Introduction

Data Standardizer provides implementations of various internationally recognised standards in data processing, covering topics ranging from languages to currencies and geographical entities. With strongly-typed enumerations for each standard (where applicable) or other targeted data types, you can represent these elements in your code such that errors with invalid values are minimised.

Supported target platforms include (modern) .Net and .Net Standard. Data Standardizer can be used in modern application software, but is also available as an option for older codebases that are being upgraded more gradually or may remain on older frameworks indefinitely.

Supporting the project

If you derive a commercial benefit from use of Data Standardizer or feel it otherwise adds value to your project, you are asked to please consider supporting the project. You can do this by becoming a GitHub sponsor to make a financial contribution. Data Standardizer is maintained and enhanced by @matthew25187 in his personal time and made available for free for all to use.

Getting Started

Installation

Data Standardizer is available as a series of packages from NuGet.org that can be linked to your existing projects. Available packages include:

Package	Description
DataStandardizer.BCP47	Supports IETF BCP 47 language tags.
DataStandardizer.Chronology	Provides support for the TZ Database.
DataStandardizer.Core	Common types used to implement standards in the other packages. You should not need to link to this package directly.
DataStandardizer.File	Provides implementations of standards-based file formats.
DataStandardizer.ISO15924	Supports ISO 15924, Codes for the representation of names of scripts.
DataStandardizer.ISO3166	Supports ISO 3166, Codes for the representation of names of countries and their subdivisions parts 1 & 2.
DataStandardizer.ISO4217	Supports ISO 4217, Codes for the representation of currencies and funds.
DataStandardizer.ISO639	Supports ISO 639, Codes for the representation of names of languages parts 1, 2, 3 & 5.
DataStandardizer.Money	Provides types for the handling of monetary values.
DataStandardizer.UNM49	Supports UN M49 or the Standard Country or Area Codes for Statistical Use (Series M, No. 49).

To use a particular standard in your application, find the corresponding package from the above list and add it as a dependency to your project. Instructions for doing so will depend on what development tooling you are using.

Visual Studio: see Install and manage packages in Visual Studio using the NuGet Package Manager
.Net CLI: see Install and manage NuGet packages with the dotnet CLI
Visual Studio Code: see NuGet in Visual Studio Code

Software dependencies

Depending on which .Net platform you are targeting, the above packages will also depend on various other system- and third-party packages. They will be included as static dependencies where required and should be automatically resolved, but if you are using a proxy for your package server you may need to make sure these other packages are also available.

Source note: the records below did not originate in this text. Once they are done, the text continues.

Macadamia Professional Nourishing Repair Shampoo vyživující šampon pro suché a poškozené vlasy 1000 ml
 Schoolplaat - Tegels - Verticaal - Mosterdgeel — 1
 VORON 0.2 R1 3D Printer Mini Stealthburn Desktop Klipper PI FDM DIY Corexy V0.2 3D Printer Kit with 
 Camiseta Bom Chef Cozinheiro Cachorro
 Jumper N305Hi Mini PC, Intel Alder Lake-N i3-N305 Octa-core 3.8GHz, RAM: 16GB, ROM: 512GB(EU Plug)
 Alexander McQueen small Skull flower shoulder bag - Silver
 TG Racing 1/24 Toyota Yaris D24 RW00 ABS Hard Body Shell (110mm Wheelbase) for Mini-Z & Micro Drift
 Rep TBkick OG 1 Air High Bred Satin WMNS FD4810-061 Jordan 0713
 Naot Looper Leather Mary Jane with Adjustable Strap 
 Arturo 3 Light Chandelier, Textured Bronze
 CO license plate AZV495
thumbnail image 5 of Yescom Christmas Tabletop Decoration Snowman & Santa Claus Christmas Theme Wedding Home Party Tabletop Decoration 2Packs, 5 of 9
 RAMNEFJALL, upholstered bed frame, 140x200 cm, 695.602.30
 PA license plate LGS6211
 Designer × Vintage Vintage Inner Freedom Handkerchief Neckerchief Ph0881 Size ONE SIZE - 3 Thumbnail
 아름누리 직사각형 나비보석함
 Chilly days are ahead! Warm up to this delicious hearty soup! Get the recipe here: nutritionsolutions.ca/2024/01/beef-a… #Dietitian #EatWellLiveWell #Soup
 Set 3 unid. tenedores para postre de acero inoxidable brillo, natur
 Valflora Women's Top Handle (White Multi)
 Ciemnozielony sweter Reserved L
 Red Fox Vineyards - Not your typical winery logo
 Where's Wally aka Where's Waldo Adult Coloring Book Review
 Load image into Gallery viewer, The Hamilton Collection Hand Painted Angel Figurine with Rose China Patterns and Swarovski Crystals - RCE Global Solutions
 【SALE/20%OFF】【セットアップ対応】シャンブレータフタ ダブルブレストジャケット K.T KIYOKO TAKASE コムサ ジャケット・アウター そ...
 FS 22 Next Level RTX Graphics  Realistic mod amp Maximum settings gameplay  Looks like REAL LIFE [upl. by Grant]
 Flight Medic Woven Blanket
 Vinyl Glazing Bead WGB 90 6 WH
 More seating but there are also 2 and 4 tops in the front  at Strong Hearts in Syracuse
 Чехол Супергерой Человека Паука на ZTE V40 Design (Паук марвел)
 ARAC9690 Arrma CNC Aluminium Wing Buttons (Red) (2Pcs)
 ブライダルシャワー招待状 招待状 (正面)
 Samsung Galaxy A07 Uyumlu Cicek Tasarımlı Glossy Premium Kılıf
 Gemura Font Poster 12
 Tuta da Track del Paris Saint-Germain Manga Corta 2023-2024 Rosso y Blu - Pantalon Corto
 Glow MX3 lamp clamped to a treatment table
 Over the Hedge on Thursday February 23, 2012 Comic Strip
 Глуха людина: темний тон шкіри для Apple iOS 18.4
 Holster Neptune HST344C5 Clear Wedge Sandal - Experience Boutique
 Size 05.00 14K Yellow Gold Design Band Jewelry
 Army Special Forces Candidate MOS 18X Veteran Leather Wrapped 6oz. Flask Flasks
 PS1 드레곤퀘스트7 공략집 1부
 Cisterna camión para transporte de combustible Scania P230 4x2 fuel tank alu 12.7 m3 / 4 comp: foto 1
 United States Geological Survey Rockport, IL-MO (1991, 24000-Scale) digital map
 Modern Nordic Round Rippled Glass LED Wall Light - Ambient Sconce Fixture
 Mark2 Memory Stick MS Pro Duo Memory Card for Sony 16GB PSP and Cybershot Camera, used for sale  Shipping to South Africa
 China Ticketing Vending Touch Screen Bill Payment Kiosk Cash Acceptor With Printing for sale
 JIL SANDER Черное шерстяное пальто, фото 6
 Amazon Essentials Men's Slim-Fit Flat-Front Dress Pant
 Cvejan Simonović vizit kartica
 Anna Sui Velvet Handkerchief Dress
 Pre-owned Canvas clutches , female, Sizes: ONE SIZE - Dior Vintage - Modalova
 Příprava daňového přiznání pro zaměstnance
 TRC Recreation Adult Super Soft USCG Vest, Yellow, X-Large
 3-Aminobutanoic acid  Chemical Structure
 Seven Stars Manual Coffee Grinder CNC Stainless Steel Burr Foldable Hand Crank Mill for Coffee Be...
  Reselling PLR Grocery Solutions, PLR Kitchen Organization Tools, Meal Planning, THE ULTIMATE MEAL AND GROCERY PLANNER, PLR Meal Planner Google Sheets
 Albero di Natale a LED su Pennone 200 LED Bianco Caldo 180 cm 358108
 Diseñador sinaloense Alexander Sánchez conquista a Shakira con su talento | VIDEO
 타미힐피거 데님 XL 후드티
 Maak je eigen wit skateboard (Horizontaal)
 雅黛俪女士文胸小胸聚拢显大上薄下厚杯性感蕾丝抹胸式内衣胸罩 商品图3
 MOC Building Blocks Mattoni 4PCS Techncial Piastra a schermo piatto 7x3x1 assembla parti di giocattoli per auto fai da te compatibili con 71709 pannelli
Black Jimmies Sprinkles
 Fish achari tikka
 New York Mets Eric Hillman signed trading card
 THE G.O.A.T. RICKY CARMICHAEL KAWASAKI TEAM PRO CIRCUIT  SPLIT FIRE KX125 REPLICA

The repository includes a number of PowerShell scripts with names starting with Generate. These scripts are used to re-generate the enums that comprise the implementations of each corresponding standard and require the use of a PowerShell shell prompt to execute as well as access to the official flat-file data sources provided by the relevant standards body or designated maintainer. Some scripts may also require a minimum version of PowerShell to run.

Other scripts and YAML files are included to support the infrastructure (IaC) used by the Data Standardizer project for functions such as pipelines, package hosting, etc. These files are not intended to be used by the end-user.

Latest releases

Package	Release version	Release status
DataStandardizer.BCP47
DataStandardizer.Chronology
DataStandardizer.Core
DataStandardizer.ISO15924
DataStandardizer.ISO3166
DataStandardizer.ISO4217
DataStandardizer.ISO639
DataStandardizer.Money
DataStandardizer.UNM49

The most recently produced release version (shown above) does not necessarily correspond with the latest package version published to NuGet or any other publically available source.

Build and Test

Branching strategy

The Data Standardizer repository makes use of two "main" branches. They are:

Name	Description
`master`	Top-level branch from which all package release builds are produced. The `develop` branch will be merged into this branch when a new release is done.
`develop`	Default branch and the branch from which preview package builds are produced. Changes are marshalled on this branch before being included in a release build.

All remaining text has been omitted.